Feminist iktisat, ayrımların ve eşitsizliklerin doğallık ve kendiliğindenlik içinde değerlendirilmesine karşı çıkar. Irk, sınıf, cinsiyet, hiyerarşi ve güç ilişkileri, ekonomi kuramlarını ve genel olarak bilim yapma biçimlerini belirler. Bilgi toplulukları, içinde bulundukları ideolojilerden, konumlardan, pozisyonlardan bağımsız değildir, der. Feminist iktisat sadece ekonominin toplumsal cinsiyetle olan ilişkisini değil, bilim yapma biçimini de eleştirir. Dolayısıyla onun karşısına daha alternatif yöntemlerle bilgi üretimini koyar.

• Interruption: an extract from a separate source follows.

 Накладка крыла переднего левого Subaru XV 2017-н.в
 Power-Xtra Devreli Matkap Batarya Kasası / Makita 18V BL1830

Ana akım iktisadın temel analiz birimi bireyken; feminist iktisat, toplumsal cinsiyet, sınıf ve diğer statüleri analiz kategorileri haline getirir. Ana akım iktisat, üretim dağılım ve piyasa içinde ilişkilere bakarken; feminist iktisat, üretim dağılımın yanı sıra bir de yeniden üretim alanı olan ev içi üretimin de iktisadın bir parçası olmasını sağlar. Feminist iktisadın aslında disipline en büyük katkısı burasıdır. Çünkü görünmeyen bir alanı artık iktisadi olarak kabul edilebilir bir alan haline getirmiştir.  İşgücü piyasası, kayıt dışı, eğreti çalışma biçimleri, krizler, yoksulluk ve göç gibi olguların toplumsal cinsiyetle ilişkisini tespit etmeye çabalar. Toplumsal cinsiyete duyarlı bütçeleme ve cinsiyet eşitliği için makroekonomi politikası önerileri sunar.

Toplumsal cinsiyet çalışmaları ekonomide hep vardı. Ama bu alanın kurumsallaşması, 1990’da Amerikan İktisat Birliği, kongrelerinden bir tanesinde ortaya çıkıyor. Sonrasında iki yıl içerisinde “Uluslararası Feminist İktisatçılar Birliği” kuruluyor. Birlik 1995’ten beri Feminist İktisat Dergisi’ni çıkarmaya devam ediyor.

Feminist iktisat, bugün geldiğimiz noktada önemli aşamalar kaydetmiştir ancak akademide daha fazla eşitlikçi, toplumsal cinsiyet bakış açısını taşıyan araştırmacılar, öğrenciler yetiştirmeye ve araştırmalara daha fazla yer açmaya ihtiyacımız var.